On the pretext of moving into a smaller home, or of taking a long trip, here in Asunción (and I suppose in most of the rest of Latin America as well), we organize garage sales. Someone puts a price on their furniture, glassware and linens and exhibits (exposes?) them to the outside world. I have been to many such sales and I’ve always been fascinated by the interactions between the buyers and sellers, predominantly women, in which there are many elements at play: social class, current economic situation and, above all, ancestry. In these interactions, there is often a (veiled) decadence that these women work hard to hide.

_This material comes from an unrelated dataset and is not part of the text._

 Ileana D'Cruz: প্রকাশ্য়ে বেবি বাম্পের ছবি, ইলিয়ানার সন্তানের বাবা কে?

Perhaps due to the strong impression that these sales made on me, one of the first scenes I wrote for Las herederas (The Heiresses) was the duel between Chela and a pair of buyers who have invaded the old mansion – until then, an overly private space – and paw her family heirlooms as if they were at a flea market. My favorite line of dialogue in the entire film is, “The plants aren’t for sale. If you want one, I can give it to you.” I must have heard it at one of these garage sales. And it is a perfect summary, in just fifteen words, of thousands of experiences of decadence, economic crisis and social class that I’ve witnessed in Asunción since I was a child.

Even though a script is, in most cases, written by one or two people, the ideas, dialogues and images that we write often arise from places as different as a prison and a garage sale and are then filtered through a collective process. In the gap between the page and the screen, the “pawing” of actors, technicians and producers, at least in the case of this script, has done a great deal of good.